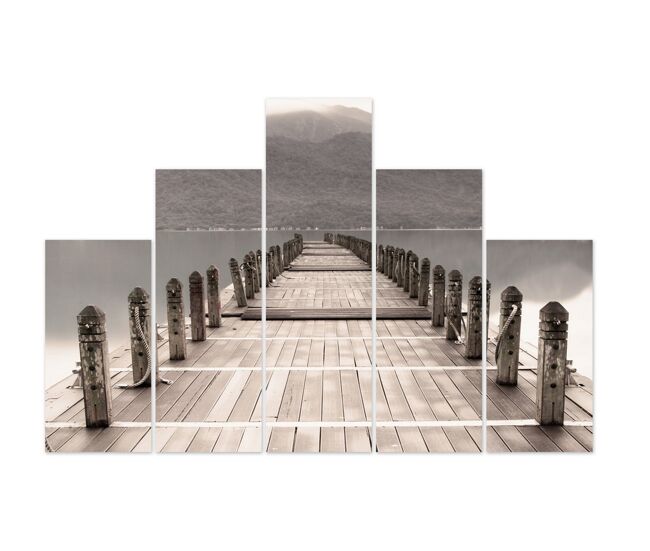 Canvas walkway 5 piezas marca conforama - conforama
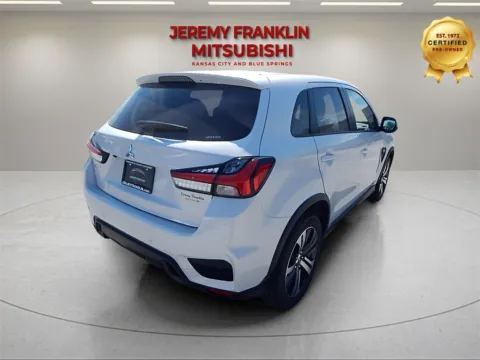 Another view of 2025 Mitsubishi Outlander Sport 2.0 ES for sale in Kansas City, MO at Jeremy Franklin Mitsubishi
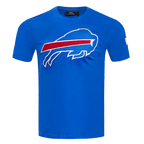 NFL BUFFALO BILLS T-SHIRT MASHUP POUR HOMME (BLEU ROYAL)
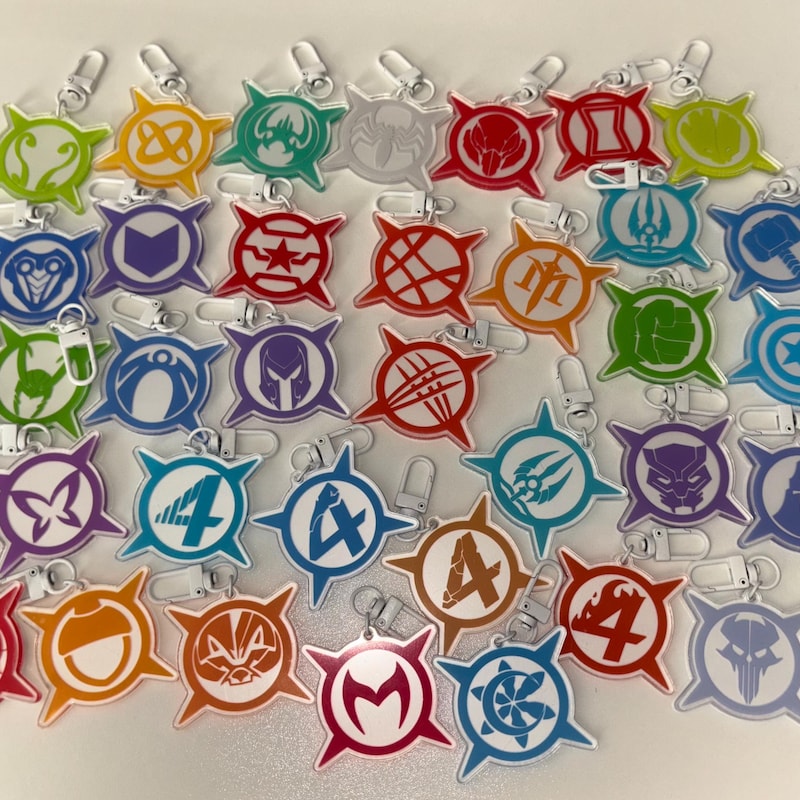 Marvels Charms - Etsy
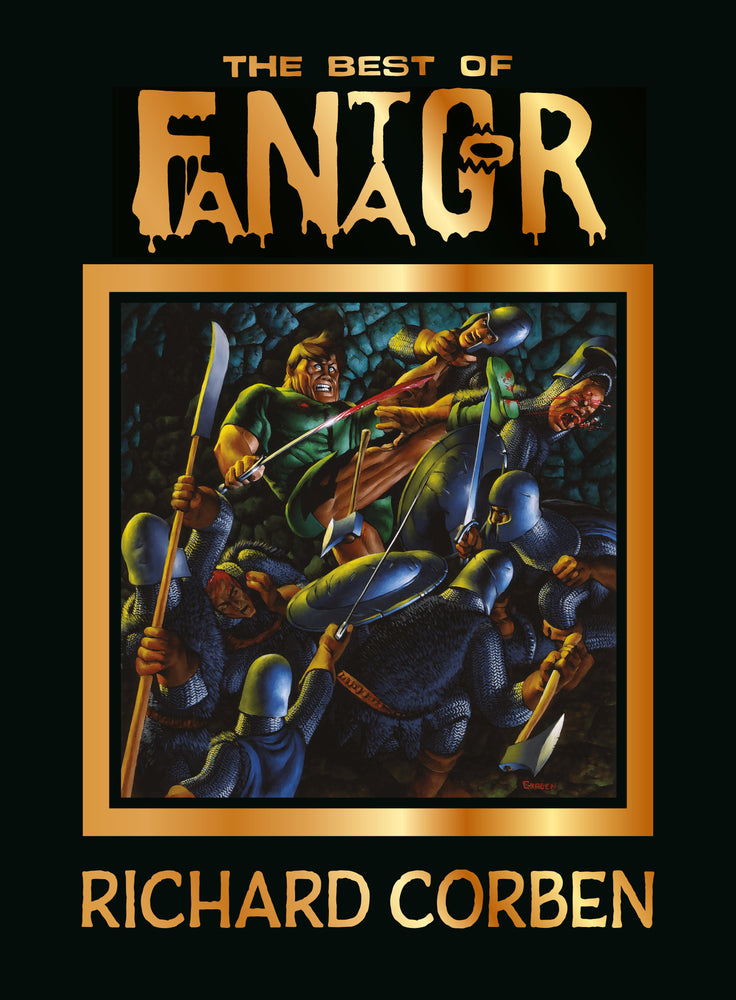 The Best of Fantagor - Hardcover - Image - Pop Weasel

**Task objective**
Nothing but the lines from the line containing "Another view of" through the last line of the material may be output, and they must be copied exactly, without pictures.

**Response area**
 Another view of 2025 Mitsubishi Outlander Sport 2.0 ES for sale in Kansas City, MO at Jeremy Franklin Mitsubishi
 NFL BUFFALO BILLS T-SHIRT MASHUP POUR HOMME (BLEU ROYAL)
 Marvels Charms - Etsy
 The Best of Fantagor - Hardcover - Image - Pop Weasel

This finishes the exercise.